┌────────

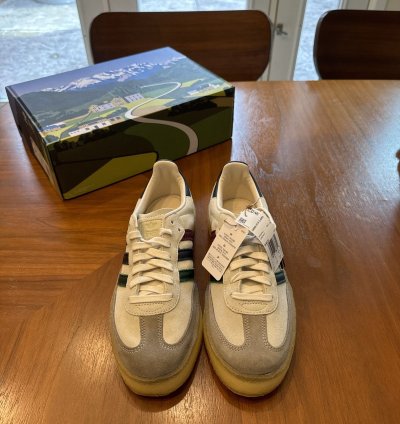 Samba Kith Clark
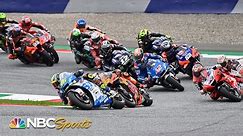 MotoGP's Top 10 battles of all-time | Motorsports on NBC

└────────
┌────────

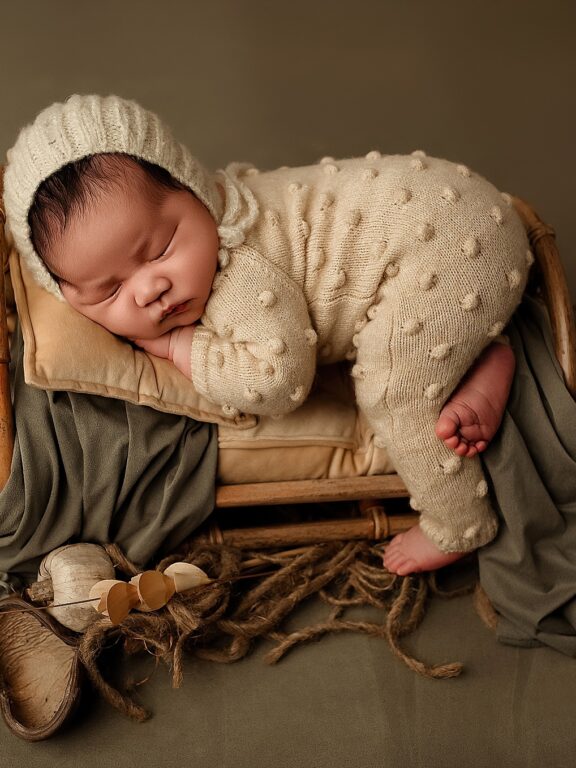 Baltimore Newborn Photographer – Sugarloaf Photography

└────────
┌────────

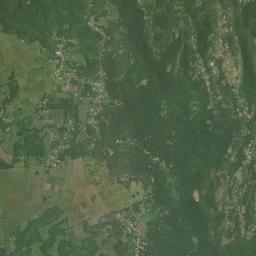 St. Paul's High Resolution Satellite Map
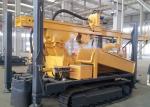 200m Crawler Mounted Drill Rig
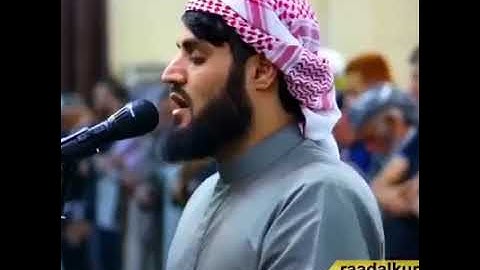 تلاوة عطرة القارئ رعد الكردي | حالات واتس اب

└────────

▶ _The problem_: Above are the records. Copy only the lines from the one with "Samba Kith Clark" through the one with "MotoGP's Top 10", exactly, with no pictures.

▶ _Result of this exercise_:
 Samba Kith Clark
 MotoGP's Top 10 battles of all-time | Motorsports on NBC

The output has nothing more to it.